As of Thursday, Chatham-Kent has only nine active cases of COVID-19 out of 144. The last positive case to date was confirmed on Monday, May 25.
The government of Ontario is sticking with a provincial approach to reopening, despite many regions doing well, and Chatham-Kent’s medical officer of health agrees.
Dr. David Colby also said it is very confusing to have different rules for various jurisdictions but on the other hand, he did concede that the reality differs for each community and some restrictions might not be necessary.
“In many of the Northern Ontario jurisdictions, they’re having almost no cases of COVID-19. And these stringent closures and everything perhaps don’t make sense up there,” he said. “The province has not yet authorized a regional approach to that in a systematic way and I understand why.”
Colby said, hypothetically if it were possible, he would be very reluctant to undertake a regional approach for Chatham-Kent to reopen because neighbouring Windsor is considered a hot spot.

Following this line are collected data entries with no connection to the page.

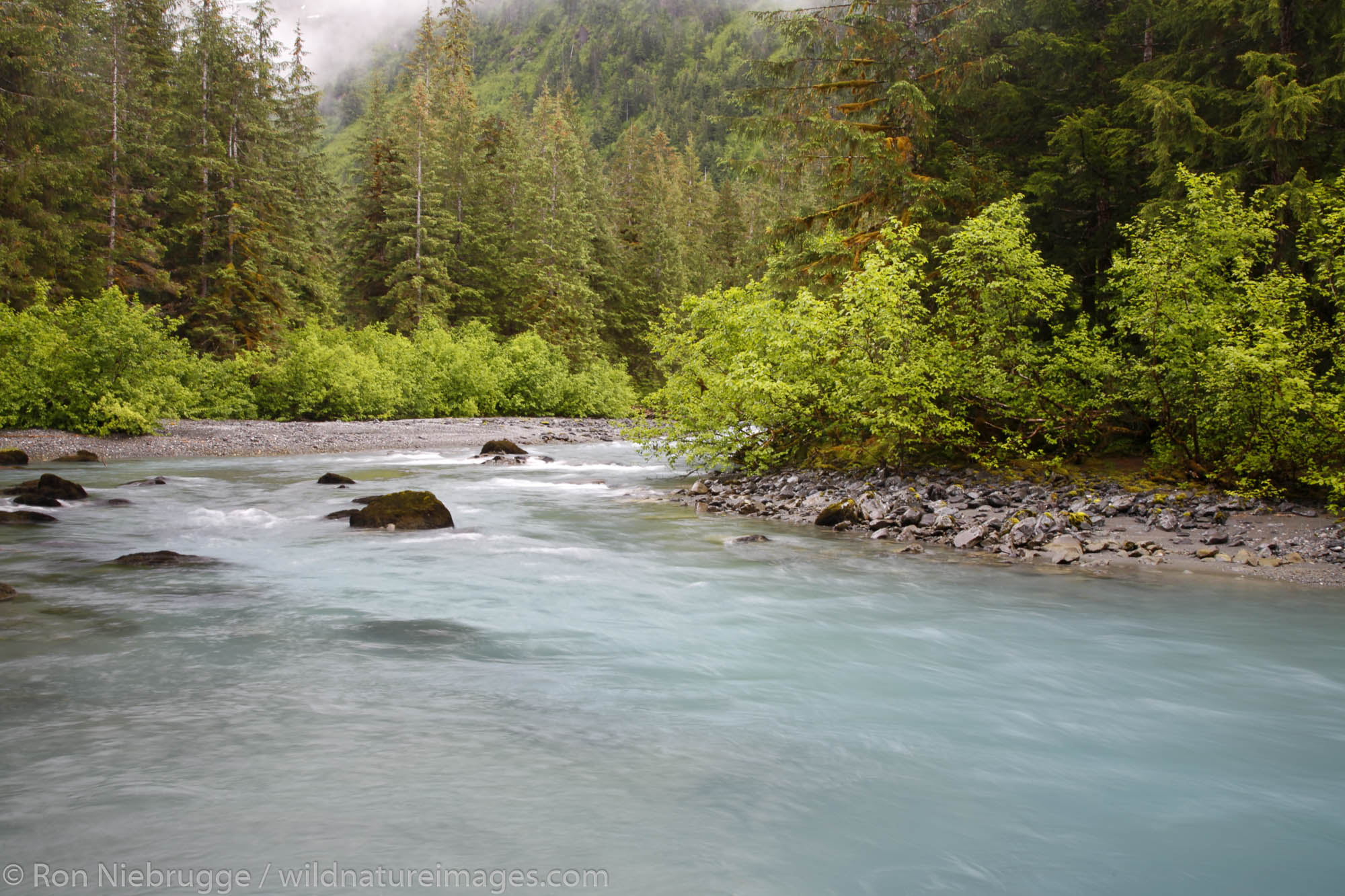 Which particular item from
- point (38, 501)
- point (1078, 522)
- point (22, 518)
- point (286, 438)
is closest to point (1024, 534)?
point (1078, 522)

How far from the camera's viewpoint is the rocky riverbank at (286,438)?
19.6 m

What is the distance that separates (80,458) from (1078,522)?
20.3 metres

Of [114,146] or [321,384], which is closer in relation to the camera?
[114,146]

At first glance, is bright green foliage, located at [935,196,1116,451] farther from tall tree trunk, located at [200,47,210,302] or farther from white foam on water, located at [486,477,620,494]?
tall tree trunk, located at [200,47,210,302]

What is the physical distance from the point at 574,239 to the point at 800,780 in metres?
45.3

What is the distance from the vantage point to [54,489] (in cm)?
1331

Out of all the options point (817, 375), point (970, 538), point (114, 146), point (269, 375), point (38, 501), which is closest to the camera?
point (970, 538)

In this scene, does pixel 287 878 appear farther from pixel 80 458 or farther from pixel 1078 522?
pixel 80 458

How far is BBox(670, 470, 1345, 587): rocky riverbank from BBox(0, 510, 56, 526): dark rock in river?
31.8ft

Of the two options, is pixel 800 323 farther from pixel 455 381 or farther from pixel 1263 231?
pixel 455 381

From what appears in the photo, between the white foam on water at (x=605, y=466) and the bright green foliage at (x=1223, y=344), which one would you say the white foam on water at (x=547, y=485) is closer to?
the white foam on water at (x=605, y=466)

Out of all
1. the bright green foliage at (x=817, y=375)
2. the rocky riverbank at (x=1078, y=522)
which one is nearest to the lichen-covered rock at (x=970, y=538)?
the rocky riverbank at (x=1078, y=522)

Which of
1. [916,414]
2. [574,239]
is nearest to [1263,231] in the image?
[916,414]

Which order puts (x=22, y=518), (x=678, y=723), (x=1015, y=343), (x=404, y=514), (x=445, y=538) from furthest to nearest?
(x=1015, y=343)
(x=404, y=514)
(x=445, y=538)
(x=22, y=518)
(x=678, y=723) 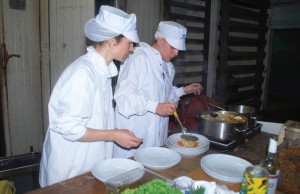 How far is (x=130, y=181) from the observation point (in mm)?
1354

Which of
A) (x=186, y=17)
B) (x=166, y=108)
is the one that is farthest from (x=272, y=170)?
(x=186, y=17)

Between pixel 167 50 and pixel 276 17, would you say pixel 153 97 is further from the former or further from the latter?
pixel 276 17

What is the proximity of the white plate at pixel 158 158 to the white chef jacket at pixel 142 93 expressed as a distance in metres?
0.54

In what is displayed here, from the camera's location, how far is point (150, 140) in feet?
9.18

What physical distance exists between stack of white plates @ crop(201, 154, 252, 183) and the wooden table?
0.04 meters

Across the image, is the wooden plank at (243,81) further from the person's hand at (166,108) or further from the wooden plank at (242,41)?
the person's hand at (166,108)

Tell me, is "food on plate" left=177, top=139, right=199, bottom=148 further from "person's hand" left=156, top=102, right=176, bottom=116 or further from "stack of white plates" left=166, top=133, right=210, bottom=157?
"person's hand" left=156, top=102, right=176, bottom=116

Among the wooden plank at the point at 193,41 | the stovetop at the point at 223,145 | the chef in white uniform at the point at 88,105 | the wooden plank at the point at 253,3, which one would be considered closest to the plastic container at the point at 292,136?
the stovetop at the point at 223,145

“The last thing I want are large numbers of people charging into Chatham-Kent. So, I would resist such a thing (regional approach). Even if it were permitted here, I think we need to look at this on a bigger basis, but my responsibility is here in Chatham-Kent.”
Local medical officers of health have the option of taking more-stringent controls in terms of opening strategies compared to what the province mandates, however, they cannot take a less-stringent approach.
Colby does not foresee any situation in which it would be possible to open up Chatham-Kent stores to locals only.
“It’s a tantalizing notion of Fortress Chatham-Kent, yet I don’t see checkpoints on the 401 at our borders.”
Colby said students will go back to school in September, with the hope, not belief, that everything will settle down by then. For those who were in the midst of planning weddings, fundraisers and other large events for the fall, when the pandemic hit, Colby said that it is still unclear what the fall months will look like and if those endeavours will be able to go on.
When asked if an individual, previously infected with COVID-19 can contract the virus twice, Colby said they do not know the answer to that yet. However, based on data from other strains of coronavirus, immunity lasts for several months after infestation and builds a robust immune response.